◆ WHAT YOU ARE ASKED TO DO ◆
Word for word, reproduce the listing that follows, excluding any pictures it contains.
==== SOURCE MATERIAL
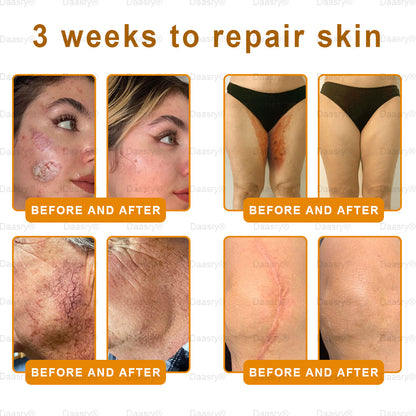 Mayo & Cleveland Clinic Store: Made and Shipped from USA - Natravor™"Dermal Gold" Botox Bee Venom Skin Restoration Cream - LAST DAY 80% OFF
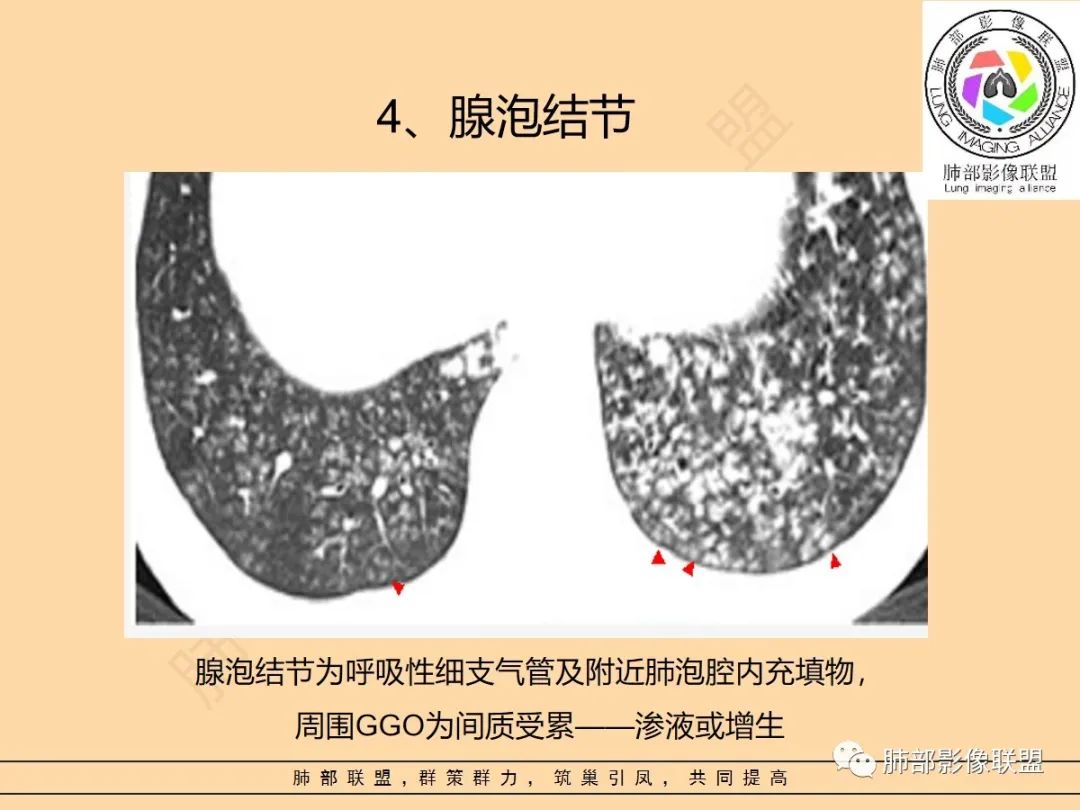 影像PPT - 【PPT】肺炎支原体肺炎影像分析-16 影像PPT - 【PPT】肺炎支原体肺炎影像分析-16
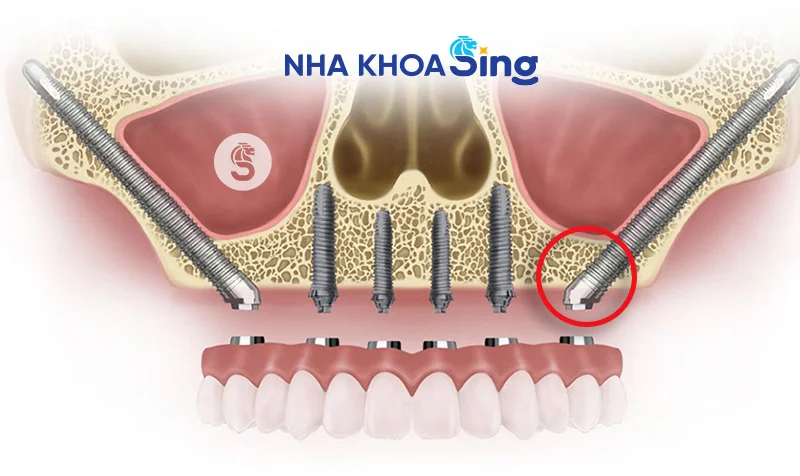 implant-xuong-go-ma-1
========
◆ OUTPUT OF THE TASK ◆
 Mayo & Cleveland Clinic Store: Made and Shipped from USA - Natravor™"Dermal Gold" Botox Bee Venom Skin Restoration Cream - LAST DAY 80% OFF
 影像PPT - 【PPT】肺炎支原体肺炎影像分析-16 影像PPT - 【PPT】肺炎支原体肺炎影像分析-16
 implant-xuong-go-ma-1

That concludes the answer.